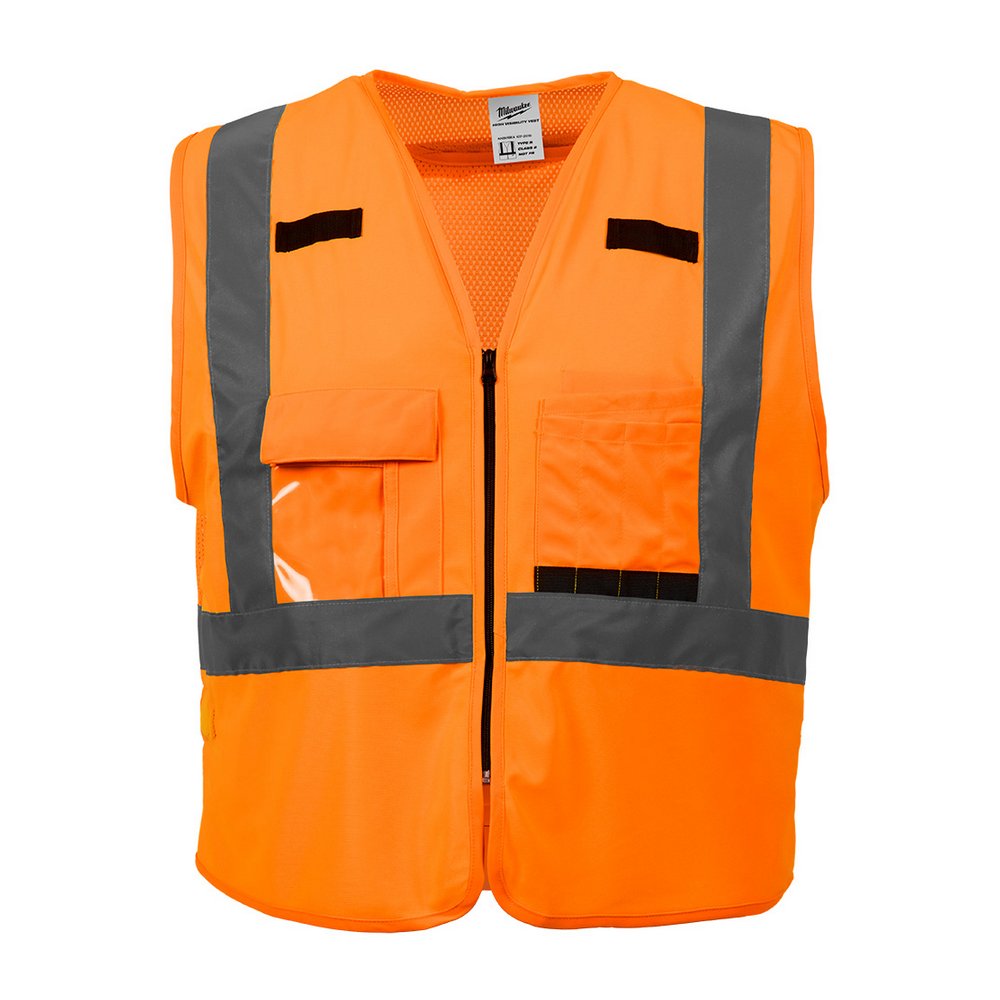 Chaleco reflectivo de seguridad naranja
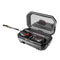True Wireless Earbuds, Bluetooth 5.0 in-Ear TWS Stereo Headphones, LED Display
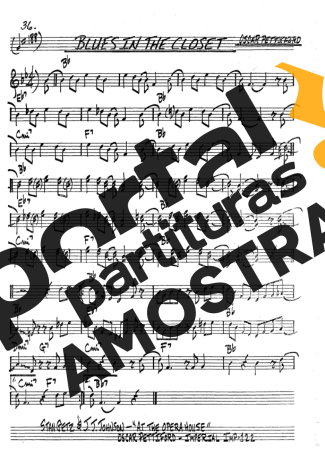 The Real Book of Jazz Blues In The Closet partitura para Clarinete (Bb)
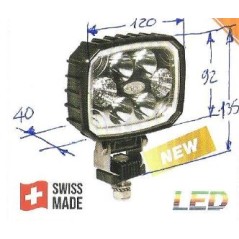 Faro lavoro 6 led 12-24V NEWGARDENSTORE 1500 lumens per trattore agricolo | NewgardenParts.com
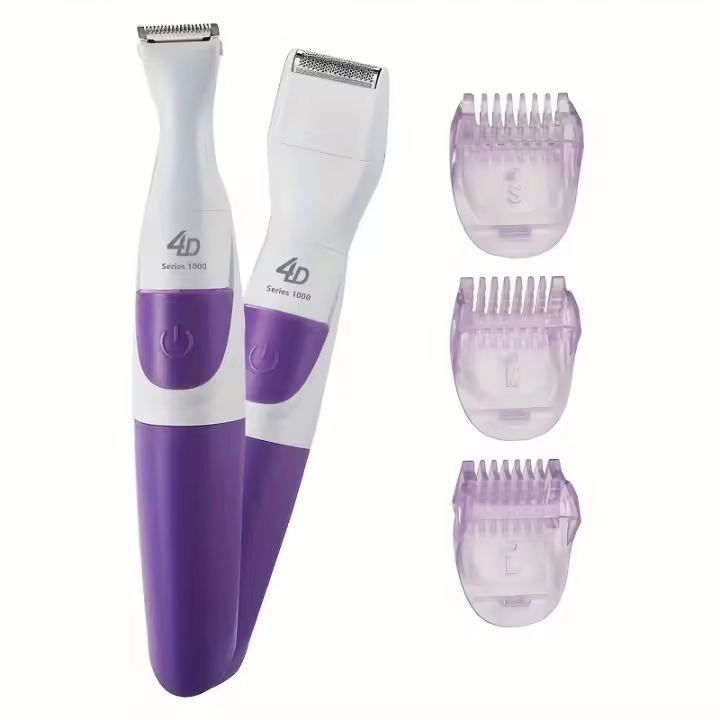 Afeitadora eléctrica portátil 2 en 1 para mujer, recortadora de pelo con batería y maquinilla de afeitar para depilación Facial - 1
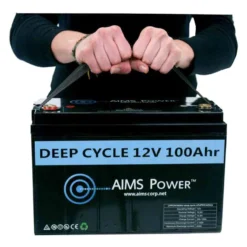 AIMS Power® - 12V 100Ah LiFePO4 Lithium Iron Phosphate Battery With Bluetooth Monitoring -Magma Store lfp12v100b 8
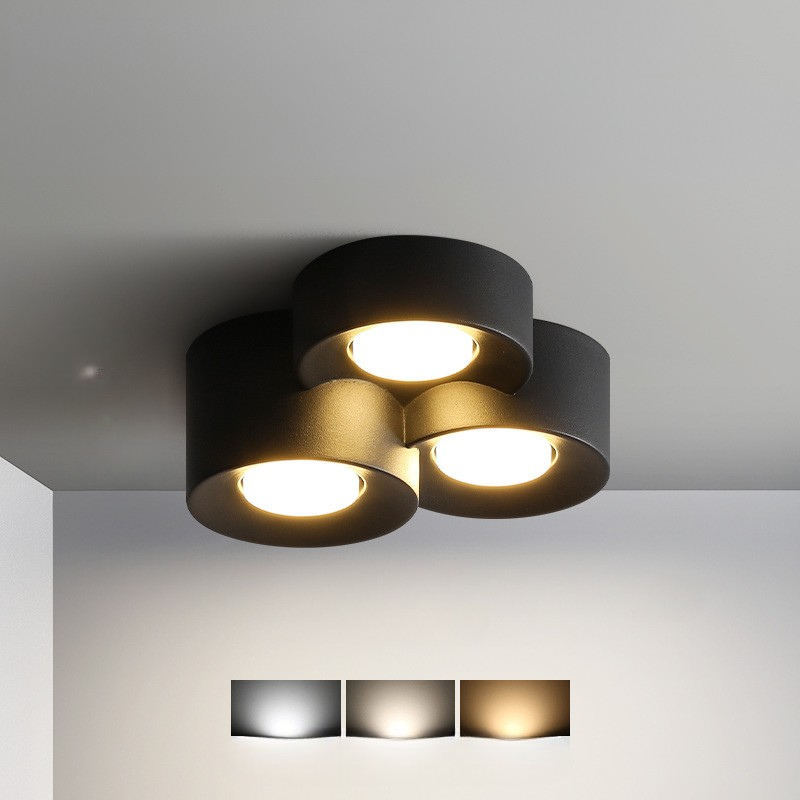 Luminaire de Plafond Rond Élégant | Éclairage Économe en Énergie et Polyvalent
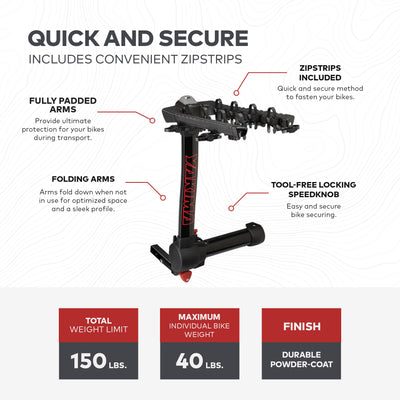 Yakima FullSwing Premium Swing-Away Bike Rack with ZipStrips, Universal Fit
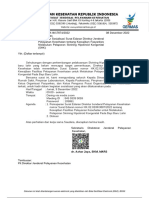 Undangan Sosialisasi Surat Edaran Direktur Jenderal Pelayanan Kesehatan Tentang Kewajiban Fasyankes Melakukan Pelaporan SHK
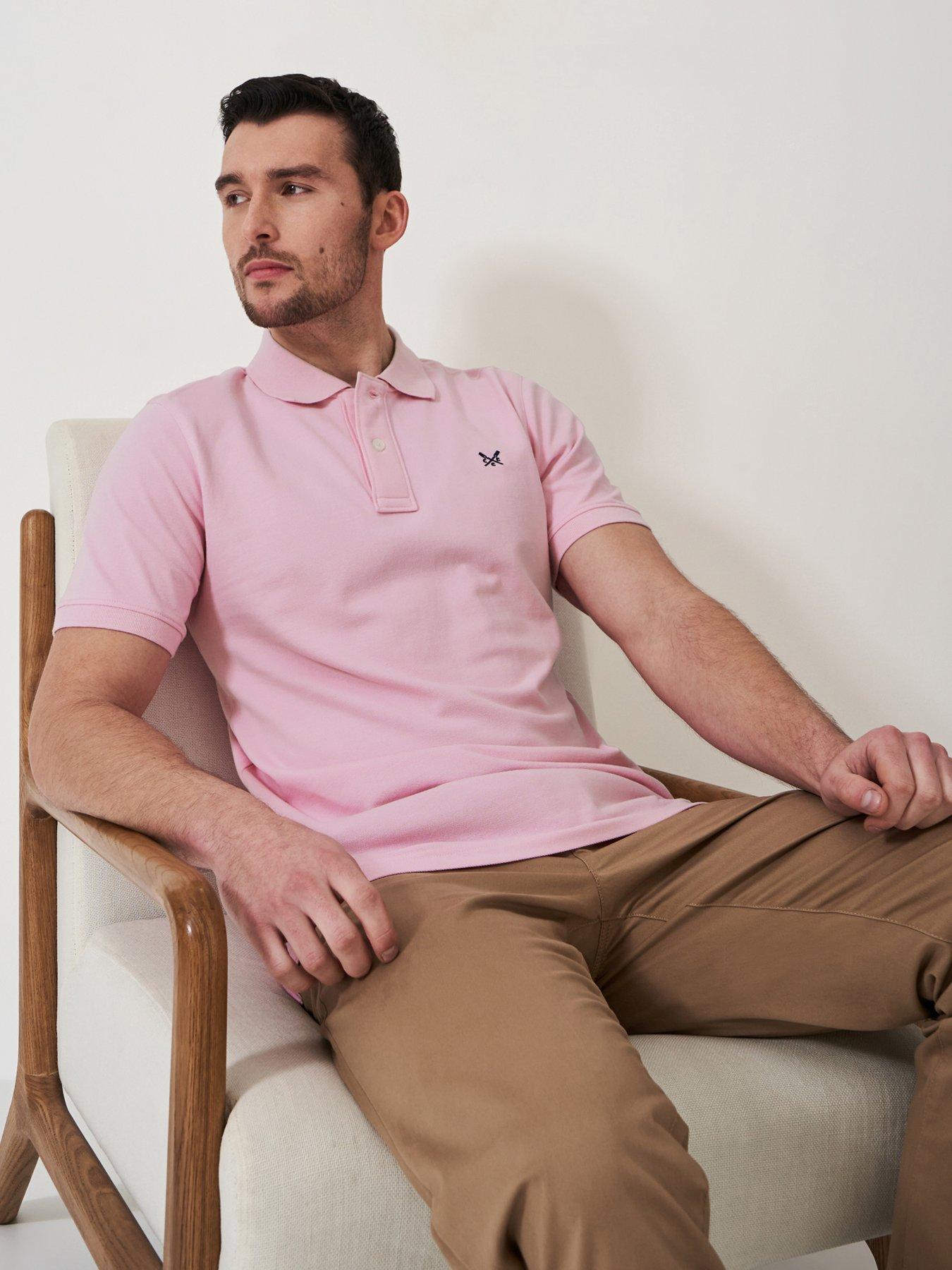undefined Classic Pique Polo Shirt - Light Pink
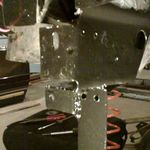 New core support bracket welded to frame rail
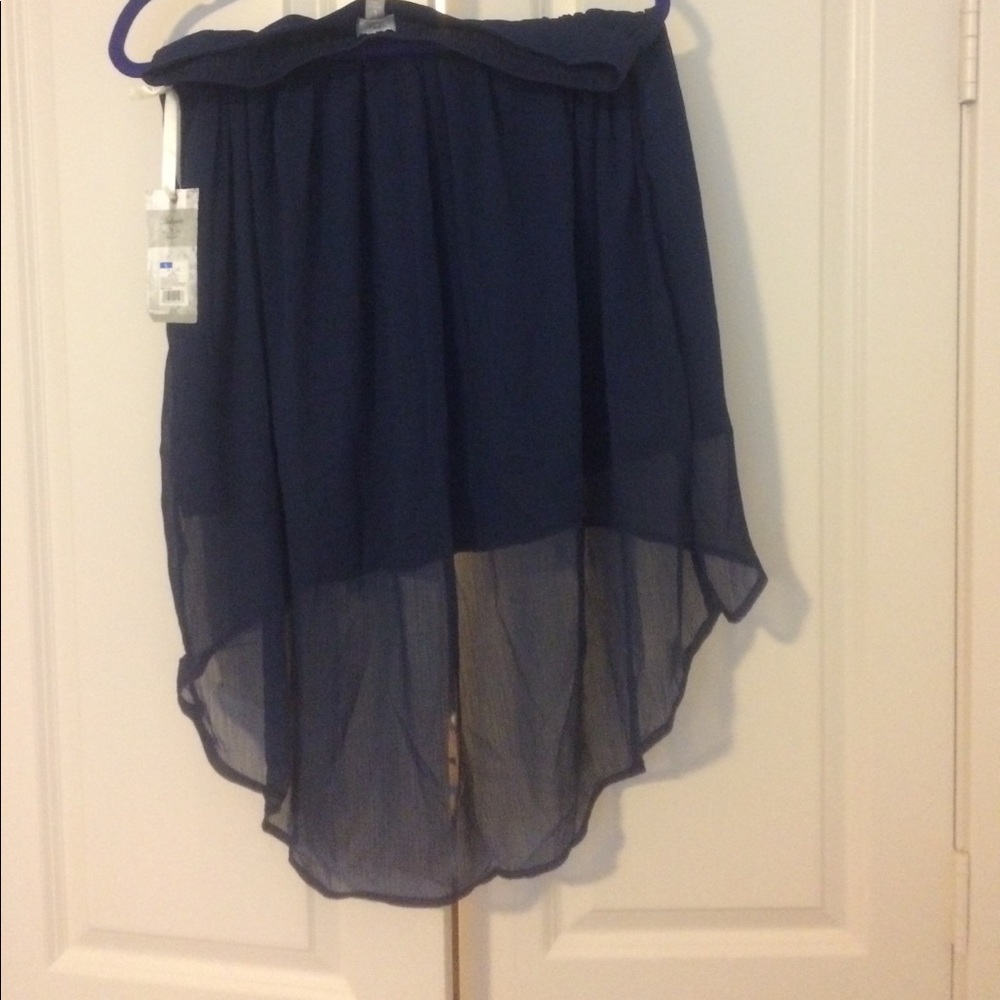 Converse navy blue high low skirt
########################################
Exercise directions:
Without including any pictures, please restate all the records exactly.

Your solution:
 Chaleco reflectivo de seguridad naranja
True Wireless Earbuds, Bluetooth 5.0 in-Ear TWS Stereo Headphones, LED Display
 The Real Book of Jazz Blues In The Closet partitura para Clarinete (Bb)
 Faro lavoro 6 led 12-24V NEWGARDENSTORE 1500 lumens per trattore agricolo | NewgardenParts.com
 Afeitadora eléctrica portátil 2 en 1 para mujer, recortadora de pelo con batería y maquinilla de afeitar para depilación Facial - 1
 AIMS Power® - 12V 100Ah LiFePO4 Lithium Iron Phosphate Battery With Bluetooth Monitoring -Magma Store lfp12v100b 8
 Luminaire de Plafond Rond Élégant | Éclairage Économe en Énergie et Polyvalent
 Yakima FullSwing Premium Swing-Away Bike Rack with ZipStrips, Universal Fit
 Undangan Sosialisasi Surat Edaran Direktur Jenderal Pelayanan Kesehatan Tentang Kewajiban Fasyankes Melakukan Pelaporan SHK
undefined Classic Pique Polo Shirt - Light Pink
 New core support bracket welded to frame rail
 Converse navy blue high low skirt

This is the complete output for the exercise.